I was noticing my RAM getting used up while running our game, and it wasn’t released after terminating PIE. I decided to leave the game running over night and found it was seemingly leaking 2 gb per hour. I managed to use all available 64GB of RAM. I assumed my use of Hard Pointers was catching up with me, but decided to test a non-C++ default game. I started with a 5.1.1 copy of the vehicle tutorial game and let it sit running in PIE. It appeared to leak at a lower rate but still took up an extra Gig in 3 hours and was still climbing when I killed it. In the same manner as our game, the memory wasn’t released just by killing the PIE session. Only restarting the game would return it to its lower usage.
This is on a Intel MacPro and in using memreport, it appeared the only obvious large growth of memory is in Metal RHI Buffers. I would doubt this is happening on Windows or someone would have mentioned it.
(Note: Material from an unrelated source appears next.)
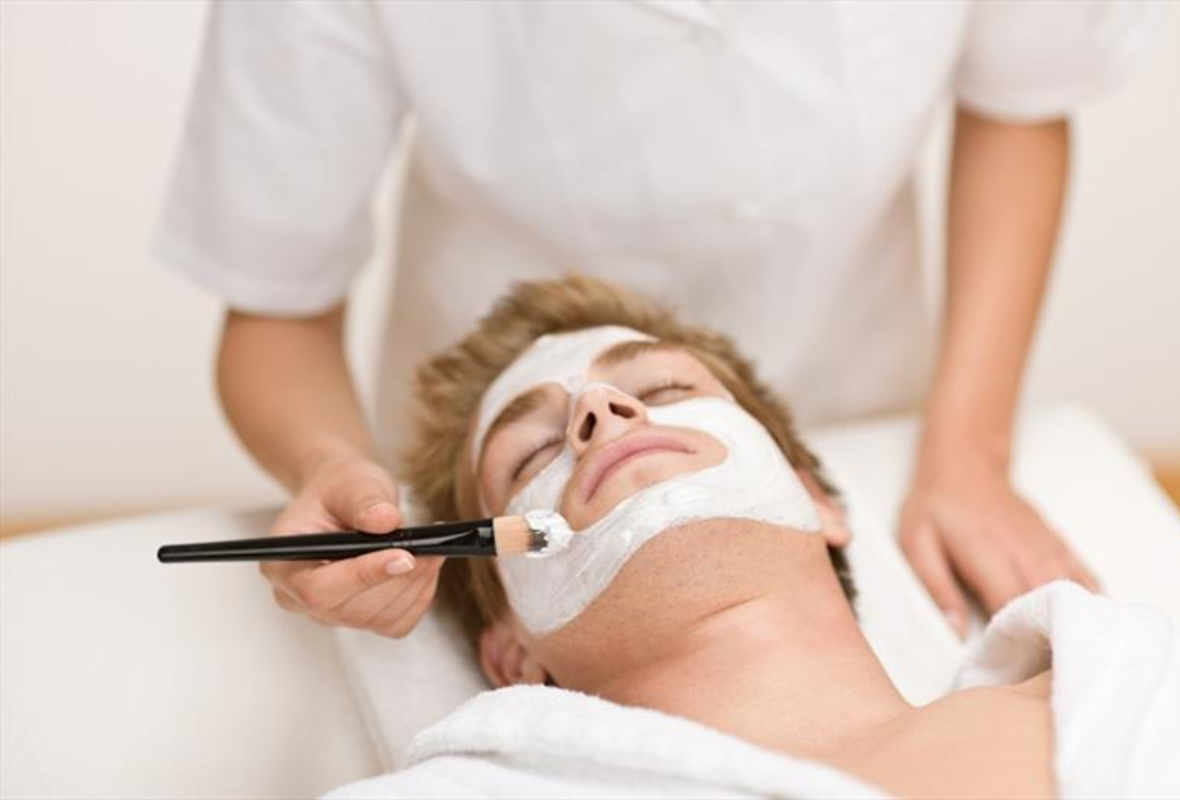 Service Provider of Men's Bleach in New Delhi, Delhi, India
I guess the question is, is it expected that a default project in PIE will grow over hours (possibly collapsing that memory usage at some later point). I need to determine if I’m doing something wrong, which as an old C programmer, I’ve alway felt my use of regular pointers to UObjects might be a suspect practice. But then seeing what seemed to be the same situation on a default stock project, confused the issue and now I’m not sure if I should do something or just file a bug report. The last thing in the world I want to do is cry wolf about a memory leak. Any other Mac Users see this happening?
Hey there @eagletree! I’ve been seeing some very sparse reports of both RAM and dedicated GPU mem spiking and not being collected. However this is the first I’ve seen from a MacOS user. Being unable to replicate all of the instances of Windows users encountering either variant, for windows I believe it’s environmental. I can’t speak at all to MacOS. The MacPro comes with an M1 right?
Not an M1. The MacPros we are using are the 2019 variant with Intel Xeon.
What I’m observing is pretty easy to recreate. I open a new vehicle project in 5.1.1. Open an activity monitor, selecting Mem as the sort. Press Play on project. Switch to Act Mon and note RAM usage. Click back into running game. Wait an hour (or whatever) and click back to Act Mon, noting usage and threads. If like mine, usage will have increased by a gig and the thread count gone up. Then killing the PIE session will not return the memory until the 5.1.1 editor is closed and restarted. I did this, only measured for 3 hours. On our actual game, I measured it over a 12 hour period.
If there is another Mac user who would like to try this, it would be interesting to see if they get different results.